L'histoire du peuple hébreu débute avec le patriarche Abraham car il est, dans la Bible, le premier qui soit appelé Hébreu : « Abraham l'Hébreu » (Genèse xiv, 13). C'est donc à partir d'Abraham qu'on parle du peuple hébreu. Ce mot vient du nom Ever (Eber), qui était un ancêtre d'Abraham, d'après le texte. Ever était un descendant de Sem1, un des trois fils de Noé.

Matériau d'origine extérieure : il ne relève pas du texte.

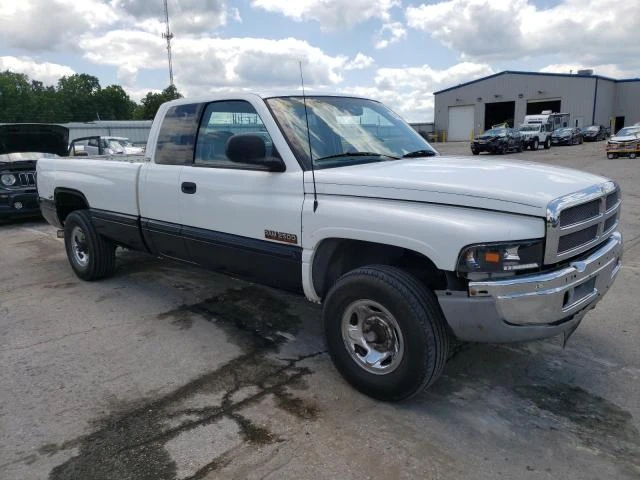 Photo 3 VIN: 1B7KC2365WJ252275 - DODGE RAM 2500 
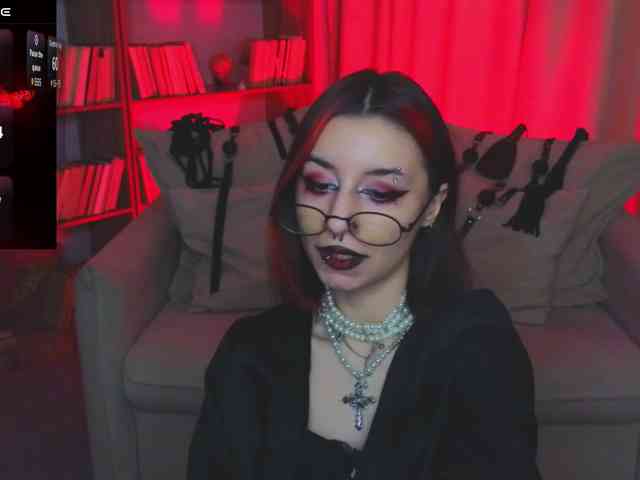 MistressMarcelline webcam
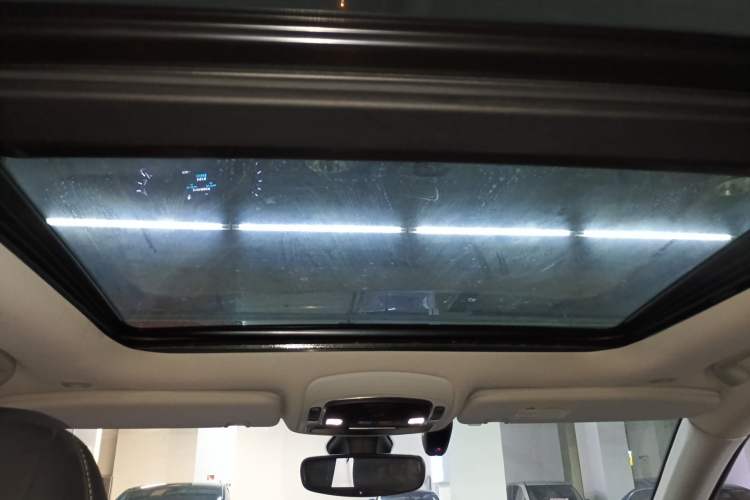 Used Jeep Grand Commander PHEV 2020 2.0T Plug-in Hybrid Leading Edition Headliner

Le fils d'Ever se nommait Paleg (qui signifie « séparer »), parce qu'il est dit dans le texte de la Genèse qu'en son temps, la terre était divisée. Précisément, eber ou « hébreu » vient d'un verbe (abor) qui signifie « passer », « traverser ». Selon la tradition, les Hébreux, et en particulier Abraham, sont « ceux qui ont passé » le fleuve du Jourdain et c'est pourquoi ils sont « séparés » du reste du monde. Le monde se trouve d'un côté du fleuve, et de l'autre se trouvent Abraham et les descendants d'Ever. Dans l'Évangile aussi, Jésus est au-delà du Jourdain. Les Hébreux représentent ainsi symboliquement les saints séparés du reste du monde. En langue hébraïque, le mot saint vient du verbe qadoch qui, à la forme hiphil, signifie « séparer ». Le saint est donc, étymologiquement, « celui qui est séparé du monde profane ».

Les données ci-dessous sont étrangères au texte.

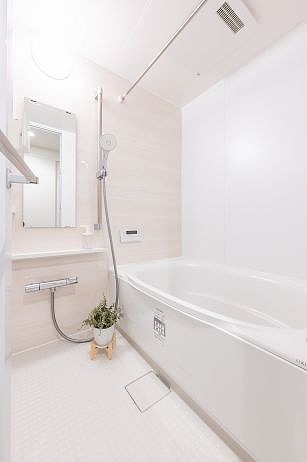 コスモ巣鴨_白を基調としたバスルームの写真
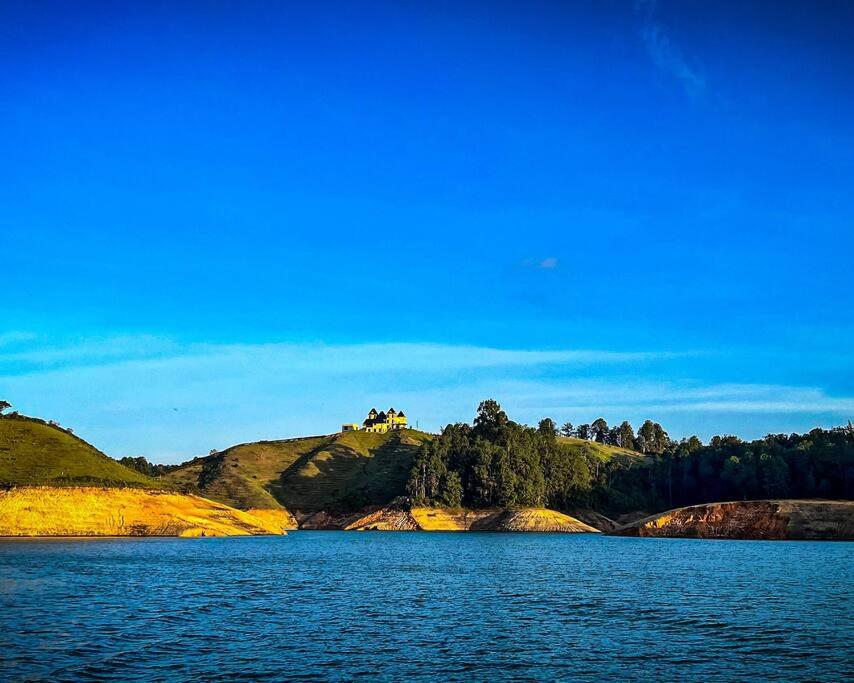 el peñol cerca a embalse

Dans le Temple de Jérusalem, il existait un lieu secret dont l'accès était interdit aux fidèles : le saint des saints ; il s'agit d'un symbolisme similaire. Dans le christianisme, ce lieu correspond au chœur, lieu de l'église séparé de la nef et où, théoriquement, les fidèles ne pouvaient entrer. C'est la notion du « saint » et du « profane ».

Le lecteur aura certainement remarqué que le fait d'être Hébreu transcende la notion ethnologique de la race. L'« Hébreu » représente le saint, le sage ou le prophète, parce que ceux-ci ont expérimenté le « passage du fleuve ». C'est dans le même sens que la langue hébraïque est appelée « le langage des prophètes » ou « la langue d'or ».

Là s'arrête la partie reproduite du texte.